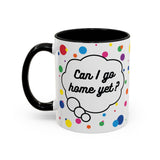 Can I Go Home Yet? Mug (USA)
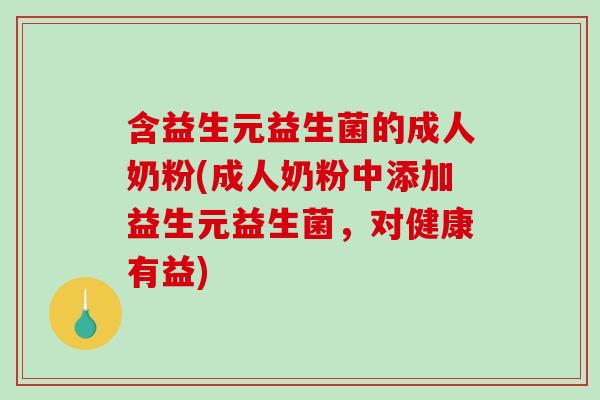 含益生元益生菌的成人奶粉(成人奶粉中添加益生元益生菌，对健康有益)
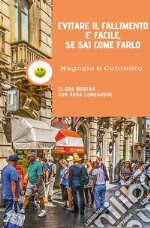 Negozio e contento - Evitare il fallimento è facile se sai come farlo. E-book. Formato PDF ebook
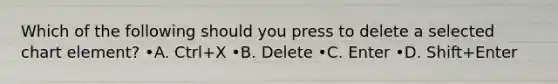 Which of the following should you press to delete a selected chart element? •A. Ctrl+X •B. Delete •C. Enter •D. Shift+Enter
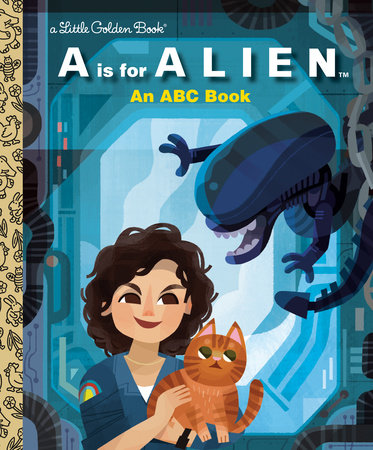 A Is for Alien: An ABC Book (20th Century Studios) by Charles Gould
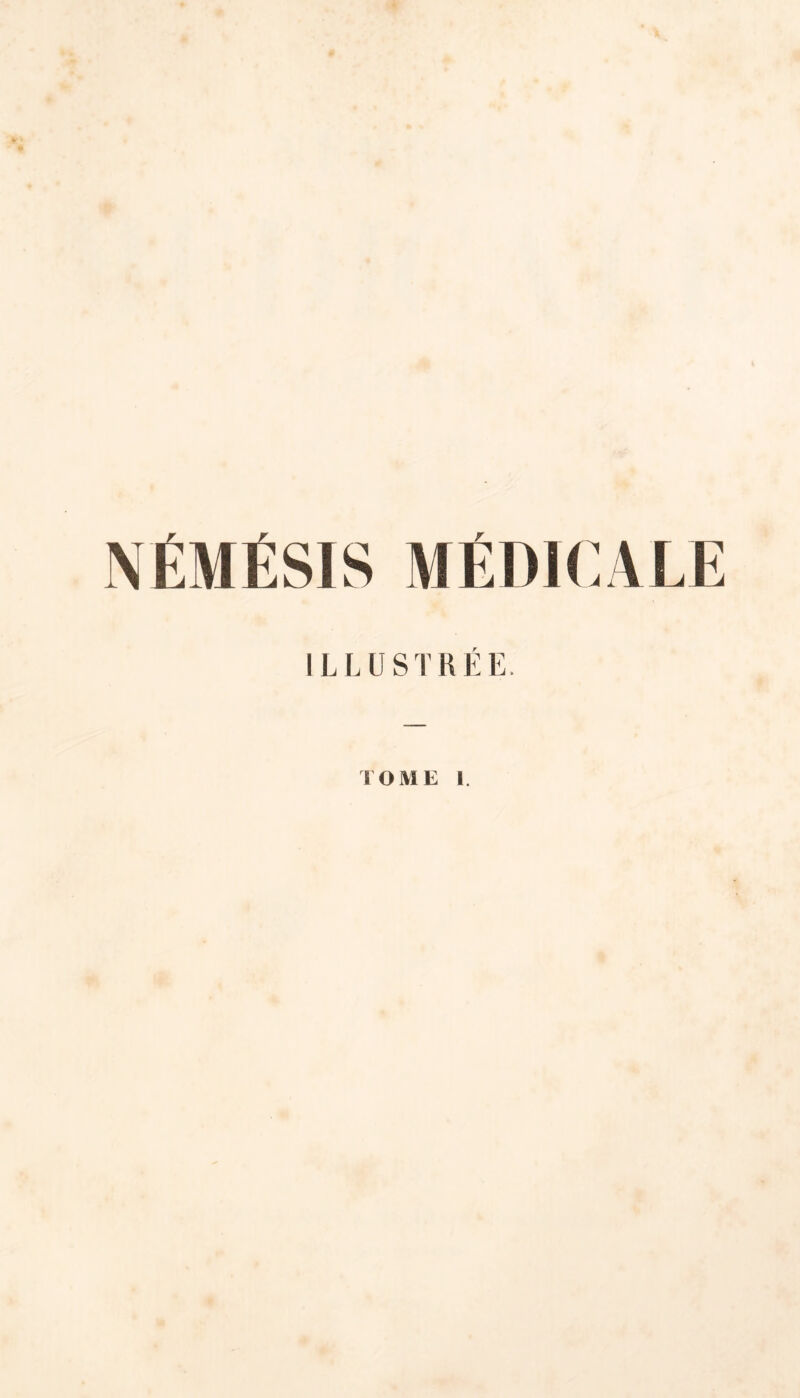 NÉMÉSIS MÉDICALE ILLUSTREE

_What you have to do_
For this exercise, return the data above exactly and leave every picture out.

_Exercise output_
 Can I Go Home Yet? Mug (USA)
 含益生元益生菌的成人奶粉(成人奶粉中添加益生元益生菌，对健康有益)
 Negozio e contento - Evitare il fallimento è facile se sai come farlo. E-book. Formato PDF ebook
 Which of the following should you press to delete a selected chart element? •A. Ctrl+X •B. Delete •C. Enter •D. Shift+Enter
 A Is for Alien: An ABC Book (20th Century Studios) by Charles Gould
 NÉMÉSIS MÉDICALE ILLUSTREE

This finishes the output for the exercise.